RFR(XL): 8185640: Thread-local handshakes
Erik Österlund
erik.osterlund at oracle.com
Thu Oct 26 14:39:47 UTC 2017
Hi Andrew,
On 2017-10-26 10:58, Andrew Haley wrote:
> BTW, I don't understand why interpreted code doesn't simply read the
> polling page. Or we could even simply read-protect the bytecode
> dispatch tables themselves.
The reason we do not poll the page in the interpreter is that we need to
generate appropriate relocation entries in the code blob for the PCs
that we poll on, so that we in the signal handler can look up the code
blob, walk the relocation entries, and find precisely why we got the
trap, i.e. due to the poll, and precisely what kind of poll, so we know
what trampoline needs to be taken into the runtime.
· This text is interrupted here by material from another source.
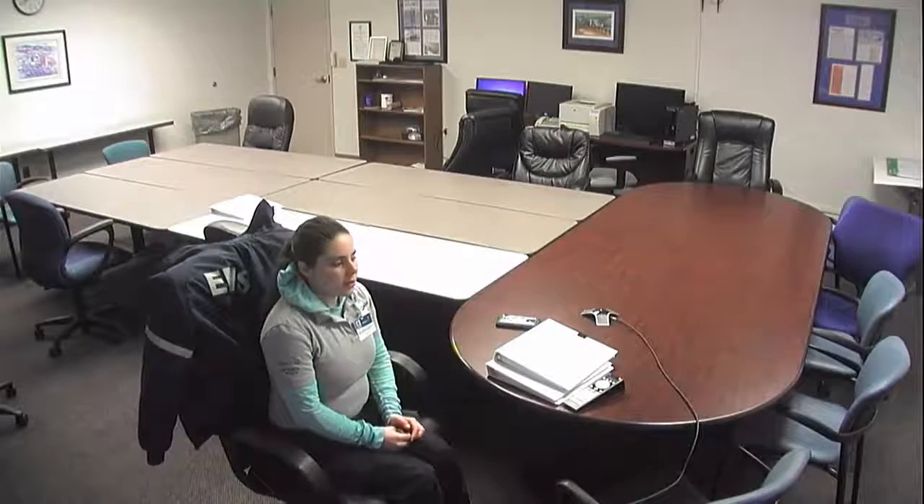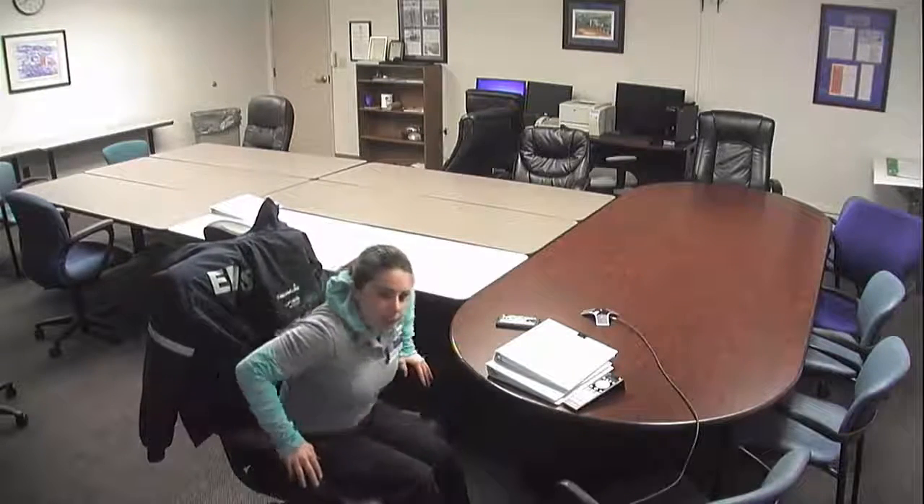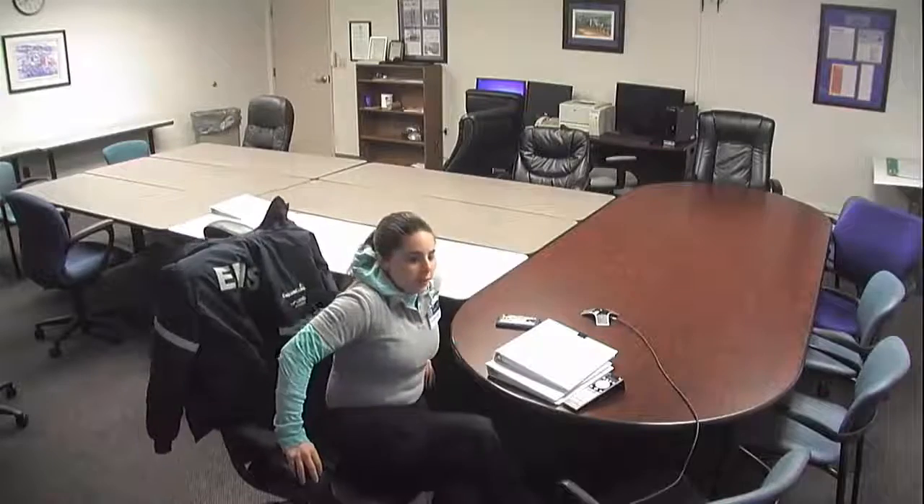This is going to be the introductory video to our critical care program study group. Today is a test run of the equipment to make sure that the recording equipment works. I'm going to practice getting it uploaded onto YouTube, then sending it out to everybody so that way we can get everybody on the same page and make sure all the equipment is working.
While constructing
something that does that is indeed possible, it simply did not seem
worth the trouble compared to using a branch in these paths. The same
reasoning applies for the poll performed in the native wrapper when
waking up from native and transitioning into Java. It performs a
conditional branch instead of indirect load to avoid signal handler
logic for polls that are not performance critical.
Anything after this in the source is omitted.